Karadeniz Tahıl Koridoru’nun yeniden işler hale gelmesi, Türkiye için bir diplomatik başarı gibi sunuldu. Ancak bu koridorun Rusya’nın çıkarlarına uygun bir şekilde yeniden düzenlendiği iddiaları, Türkiye’nin tarafsız arabulucu kimliğini sorgulatıyor. Rusya ile yakınlaşma, Batı ittifakındaki yerimizi ne kadar zorluyor? Bu denge politikasının sürdürülebilirliği, konuşmada hiç ele alınmadı.

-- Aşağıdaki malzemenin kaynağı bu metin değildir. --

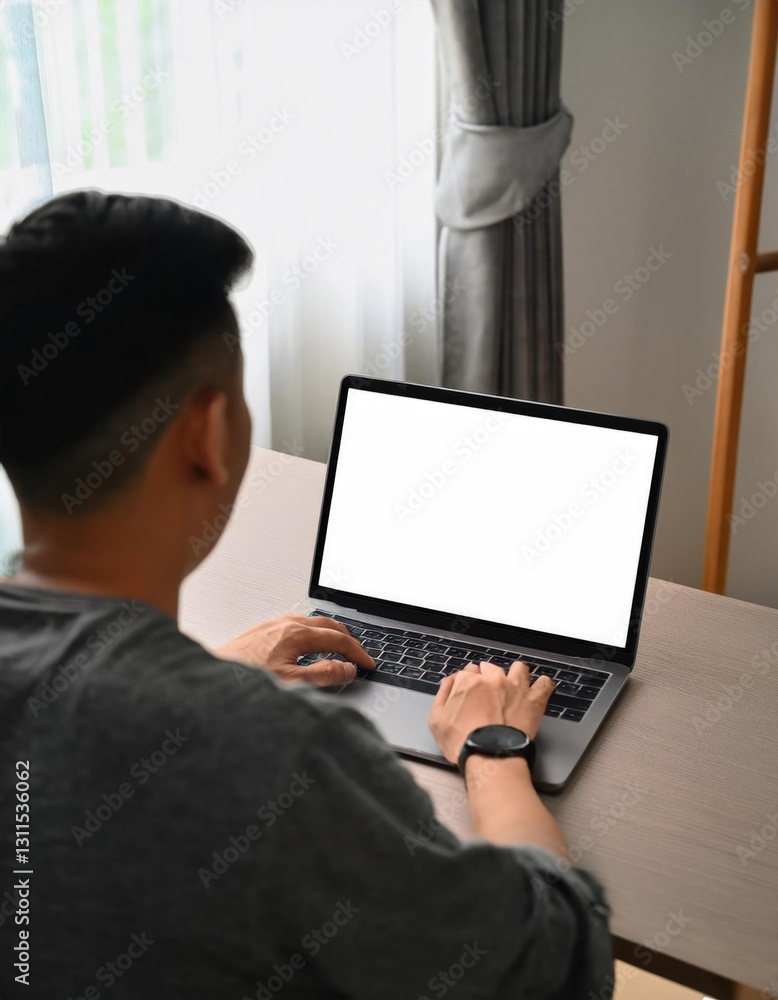 young man using computer laptop in front of an blank white computer screen young man using computer laptop in front of an blank white computer screen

Fidan, savunma sanayisinin gelişiminden bahsederken, ABD ile yaşanan F-35 ve S-400 krizini tamamen atladı. Gerçekten, uçak düşürme gafını kapatmak için girdiğimiz S-400 çukurundan nasıl ve hangi maliyetle çıkılacağı konusunda ne yapıyoruz? Bilen var mı? ABD’nin S-400 alımı nedeniyle uyguladığı yaptırımlar ve F-35 programından çıkarılmamız, Türkiye’nin NATO içindeki pozisyonunu zorluyor. Ancak bu meseleler konuşmanın dışına itildi. Eğer “çok boyutlu ve kararlı bir dış politika” yürütülüyorsa, bu kadar kritik konuların es geçilmesi nasıl açıklanabilir?

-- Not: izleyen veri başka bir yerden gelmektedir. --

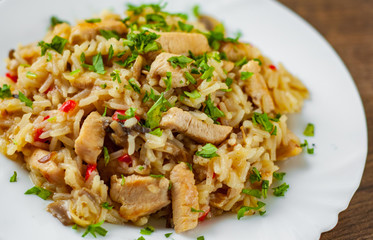 Chicken Breast with Rice, mushroom  and vegetables in white plate on wooden table background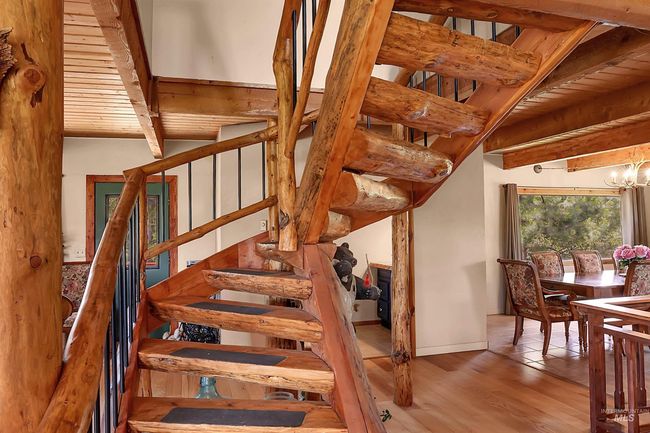 Stairs with beamed ceiling and wood finished floors | Image 5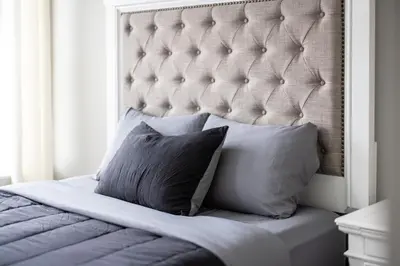 a bed with a white headboard and two pillows at Luxury Downtown Townhome Unit 5 in Cleveland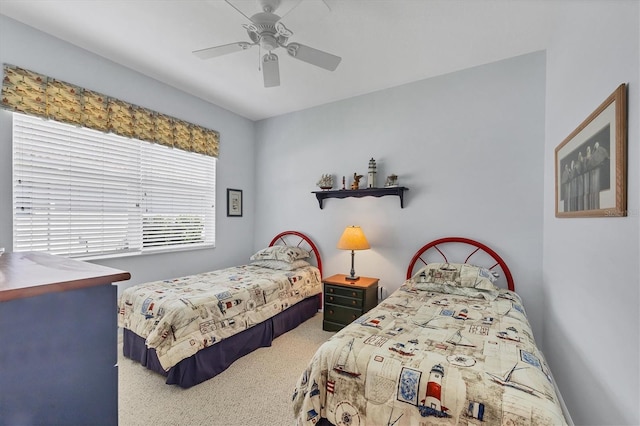 carpeted bedroom with a ceiling fan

Bakan ayrıca Kanada ve Norveç’in Türkiye’ye yönelik savunma sanayi kısıtlamalarını kaldırmasını önemli bir gelişme olarak sundu, ancak bu kısıtlamaların neden var olduğu ya da diğer ülkelerle yaşanan sorunların nasıl çözüleceği konusunda bir değerlendirme yapmadı.
Dışişleri Bakanı Fidan’ın konuşması, dış politikamıza dair büyük sözler ve iddialı ifadelerle doluydu. Ancak bu ifadelerin altını dolduracak somut adımların eksikliği, konuşmanın etkisini azalttı. 360 derece dış politika anlayışı, dönüp dolaşıp aynı noktaya varan bir strateji gibi görünüyor. ABD ile ilişkilerde net bir strateji sunulmadı, İsrail-Gazze meselesinde diplomatik başarı yerine insani yardım vurgusu yapıldı, Rusya ile ilişkilerde ise savrulan bir politika izleniyor.
Türkiye, dış politikada güçlü bir oyuncu olmayı hak ediyor. Ancak bunun için büyük sözler yerine somut ve sonuç odaklı bir stratejiye ihtiyaç var. Dışişleri Bakanı Fidan’ın konuşması, bu stratejinin varlığı konusunda şüpheler uyandırıyor.